07 February 2007, 04:21
GeedubyaButch the Rooster
Butch the Rooster ....
John the farmer was in the fertilized egg business. He had
several hundred young layers (hens), called "pullets"
and eight or ten roosters, whose job was to fertilize the eggs.
The farmer kept records and any rooster that didn't perform
went into the soup pot and was replaced.
That took an awful lot of his time so he bought a set of
tiny bells and attached them to his roosters. Each bell had a
different tone so John could tell from a distance, which rooster was
performing. Now he could sit on the porch and fill out an efficiency
report simply by listening to the bells.
The farmer's favorite rooster was old Butch, and a very fine
specimen he was, too. But on this particular morning John noticed old
Butch's bell hadn't rung at all!
John went to investigate.
The other roosters were chasing pullets, bells-a-ringing.

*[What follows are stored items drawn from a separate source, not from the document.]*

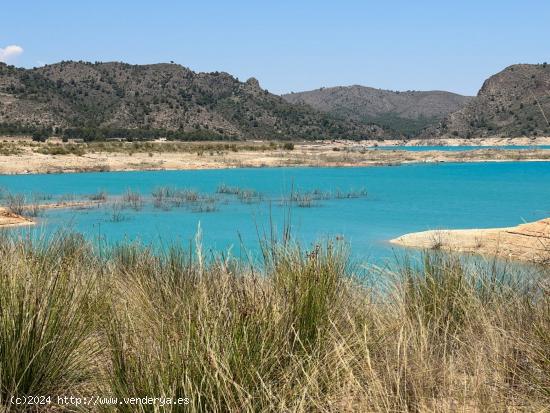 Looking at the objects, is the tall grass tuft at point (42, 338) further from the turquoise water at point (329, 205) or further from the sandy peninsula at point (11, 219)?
the sandy peninsula at point (11, 219)

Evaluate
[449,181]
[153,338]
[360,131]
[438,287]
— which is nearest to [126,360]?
[153,338]

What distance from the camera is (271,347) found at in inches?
116

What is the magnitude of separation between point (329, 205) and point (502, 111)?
95.6 m

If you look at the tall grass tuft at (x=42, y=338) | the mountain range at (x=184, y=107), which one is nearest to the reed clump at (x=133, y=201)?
the tall grass tuft at (x=42, y=338)

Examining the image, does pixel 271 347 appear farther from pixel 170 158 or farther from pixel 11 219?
pixel 170 158

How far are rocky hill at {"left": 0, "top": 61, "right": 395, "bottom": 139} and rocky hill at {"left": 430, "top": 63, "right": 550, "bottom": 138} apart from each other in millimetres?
20422

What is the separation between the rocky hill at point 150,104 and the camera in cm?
7600

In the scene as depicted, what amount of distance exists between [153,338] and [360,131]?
115056 millimetres

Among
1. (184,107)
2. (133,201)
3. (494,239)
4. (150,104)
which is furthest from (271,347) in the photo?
(184,107)

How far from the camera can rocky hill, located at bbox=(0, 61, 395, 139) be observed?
7600 cm

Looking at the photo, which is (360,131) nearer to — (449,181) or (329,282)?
(449,181)

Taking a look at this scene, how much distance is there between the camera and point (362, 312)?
3857mm

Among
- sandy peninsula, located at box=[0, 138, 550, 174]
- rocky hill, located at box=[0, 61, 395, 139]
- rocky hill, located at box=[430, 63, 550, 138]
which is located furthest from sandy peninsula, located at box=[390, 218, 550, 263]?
rocky hill, located at box=[430, 63, 550, 138]

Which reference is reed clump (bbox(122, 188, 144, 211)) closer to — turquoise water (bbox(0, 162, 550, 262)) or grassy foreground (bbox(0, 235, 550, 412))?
turquoise water (bbox(0, 162, 550, 262)) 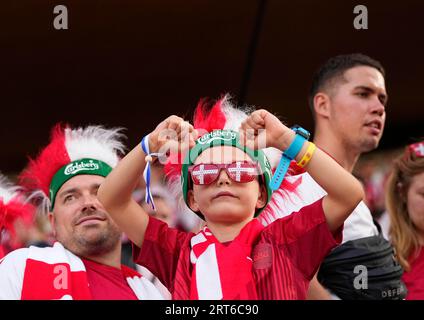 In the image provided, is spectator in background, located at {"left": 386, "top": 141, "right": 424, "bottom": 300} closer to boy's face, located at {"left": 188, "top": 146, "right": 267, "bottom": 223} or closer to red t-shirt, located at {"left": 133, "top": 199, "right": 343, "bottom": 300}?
red t-shirt, located at {"left": 133, "top": 199, "right": 343, "bottom": 300}

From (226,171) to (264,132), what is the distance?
0.58 ft

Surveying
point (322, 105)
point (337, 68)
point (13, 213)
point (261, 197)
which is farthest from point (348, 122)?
point (13, 213)

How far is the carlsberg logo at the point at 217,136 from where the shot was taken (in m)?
2.78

The pullets, hearing the roosters coming, would run for cover. But to
Farmer John's amazement, Butch had his bell in his beak, so it
couldn't ring. He'd sneak up on a pullet, do his job and walk on to
the next one.
John was so proud of Butch, he entered him in the Boone
County Fair and Butch became an overnight sensation among the judges.
The result...
The judges not only awarded Butch the No Bell Piece Prize
but they also awarded him the Pulletsurprise as well.
Clearly Butch was a politician in the making: who else but a
politician could figure out how to win two of the most highly coveted
awards on our planet by being the best at sneaking up on the populace
and screwing them when they weren't paying attention?
GWB
07 February 2007, 23:17
kevin davisIs this an environmentally induced behavior from sniffing the "air of Politics" or is it genetic?